Sometimes I think that my father froze that moment in his mind, pulled it deep into his body, and passed it on to me like DNA when I was born.
Things break. I've come to terms with that in my own strange way. I realize that there are things that will hurt us and things that will keep us safe; that sometimes it's hard to discover the line between them, and that sometimes they are the same thing. There is only so far you can withdraw, only so far you can pull tight within yourself for protection, before you get lost. There are objects that will fall apart no matter how tightly you hold them together. I've acknowledged these things and tried to move on. I've worked my way into an acclaimed university and attend classes without having to run away too often.
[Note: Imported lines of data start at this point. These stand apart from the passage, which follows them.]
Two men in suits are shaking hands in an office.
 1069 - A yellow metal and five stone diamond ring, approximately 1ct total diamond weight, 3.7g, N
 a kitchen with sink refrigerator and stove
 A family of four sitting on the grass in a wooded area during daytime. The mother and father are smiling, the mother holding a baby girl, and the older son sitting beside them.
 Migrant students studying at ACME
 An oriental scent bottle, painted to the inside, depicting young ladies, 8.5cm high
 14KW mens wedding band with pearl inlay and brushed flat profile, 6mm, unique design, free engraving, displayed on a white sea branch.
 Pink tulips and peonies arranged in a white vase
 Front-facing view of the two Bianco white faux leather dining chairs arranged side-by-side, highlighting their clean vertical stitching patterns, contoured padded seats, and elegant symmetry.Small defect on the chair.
My mother and father say they are proud of me, when it seemed not long ago that they were exasperated just to be around me. I exist in a world where things break, and I can accept that.
But I am still afraid of glass. As I said before, I imagine that l always will be. Even after whittling away at the paranoia and anxiety that constantly crept around me, like the inescapable sound of a leaky faucet in the pitch-black night, I still cannot disregard the fact that things naturally possess the ability to quit functioning as they should. I realize things break, but I have no desire to be reminded of it day after day. When I walk into a store and see dishes, or when someone in a restaurant breaks a glass, I can't help but think about the meaning hidden inside: there is potential for disaster in everything. I think about the fragile, delicate design of what I keep inside my head and how it can crack at any time. I think that all of this is amazing, that people can function even though they know they can break, and I guess this is what matters.